I need to use XPath to select distinct elements based on multiple child elements.
I have some XML like this:
<Cars>
<Car>
<Make>SuperCar</Make>
<Year>2009</Year>
</Car>
<Car>
<Make>SuperCar</Make>
<Year>2010</Year>
</Car>
<Car>
<Make>AwesomeCar</Make>
<Year>2010</Year>
</Car>
<Car>
<Make>SuperCar</Make>
<Year>2009</Year>
</Car>
</Cars>
And I need to use XPath (I’m limited to XPath 1.0) to select only distinct elements, where distinct is defined by both Make and Year.
In the example above this would mean returning all of the Car objects except the last one (as this is a duplicate of the first Car).
In a typical situation (i.e. where objects were identified by a single key field) I would use an XPath similar to this:
/*/Car[not(./Id/text()=following-sibling::Car/Id/text())]
However, I can’t quite work out how to adapt this to correctly use multiple fields.
I considered something like this:
/*/Car[not(./Make/text()=following-sibling::Car/Make/text()
and ./Model/text()=following-sibling::Car/Model/text())]
But that checks if the Make is used anywhere and if the Model is used anywhere, without ensuring that they are necessarily used on the same Car.
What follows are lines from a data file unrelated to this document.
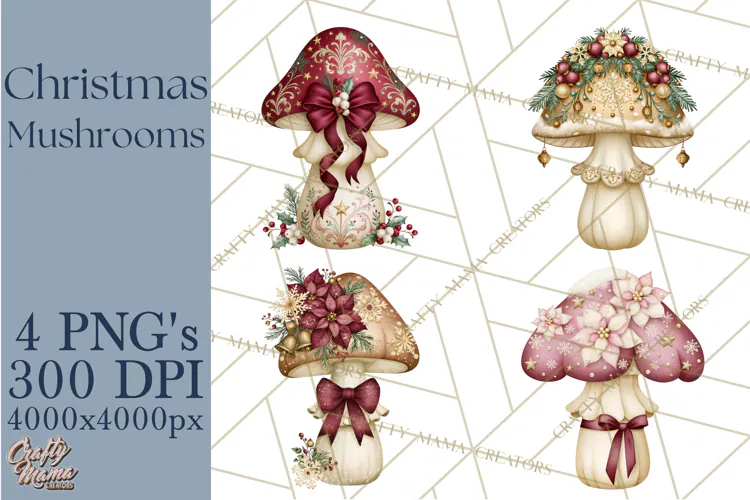 Christmas Mushroom Clipart PNG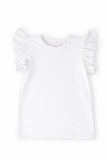 White S/S Ruffle Tee - Aaria Tees Aaria Tees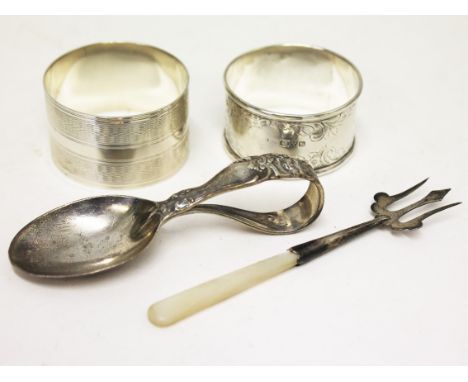 Hallmarked/Sterling silver comprising two napkin rings, a spoon and a fork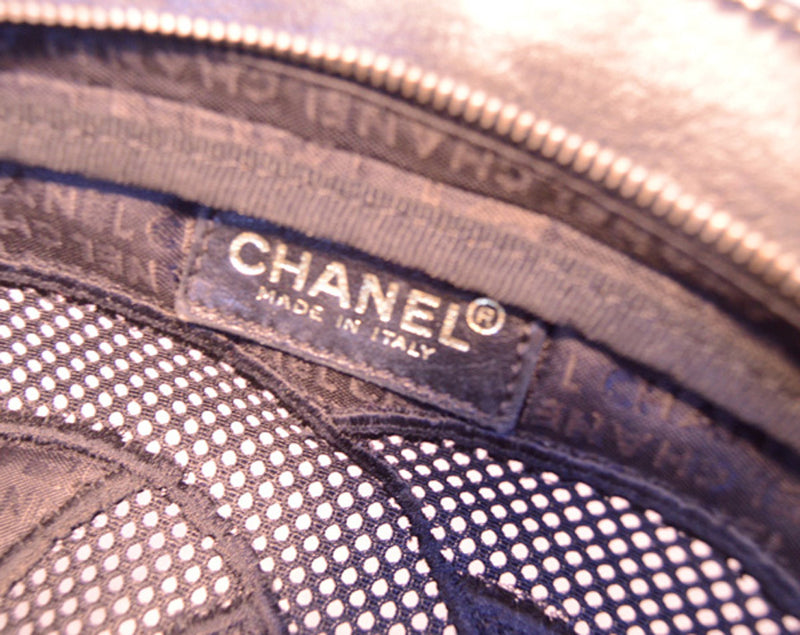 Chanel Black Woven Linen and Leather CC Logo Cut Out Tote Bag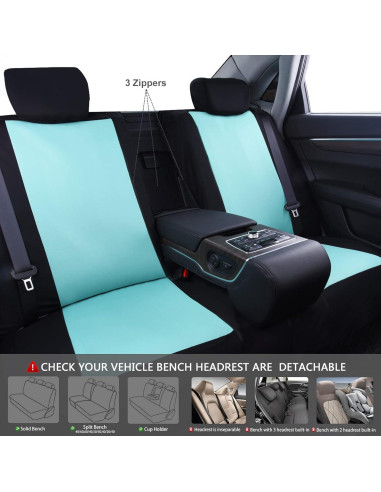 Fundas de Asiento CAR PASS Juego Completo Universal Negro y Menta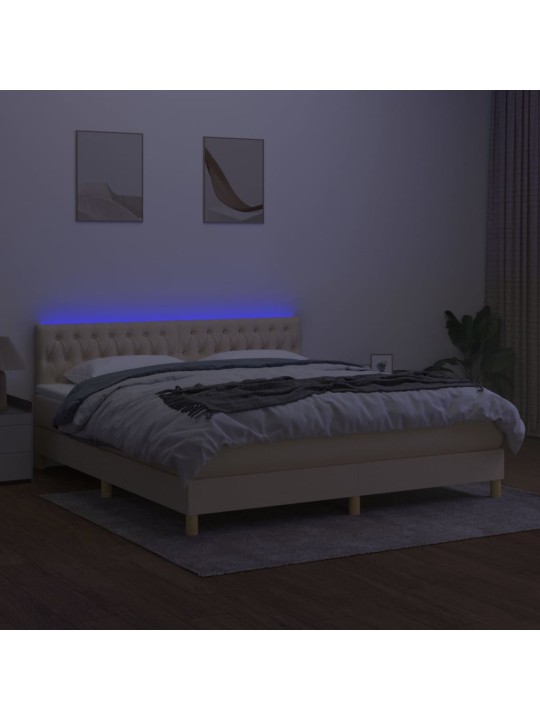 Box spring postel s matrací a led krémová 180x200 cm textil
For example it incorrectly excludes the first Car from the following sample XML:
<Cars>
<Car>
<Make>SuperCar</Make>
<Year>2009</Year>
</Car>
<Car>
<Make>SuperCar</Make>
<Year>2010</Year>
</Car>
<Car>
<Make>AwesomeCar</Make>
<Year>2009</Year>
</Car>
</Cars>
Any ideas?
It would seem this is impossible using XPath1.0:
How to select distinct values from XML document using XPATH?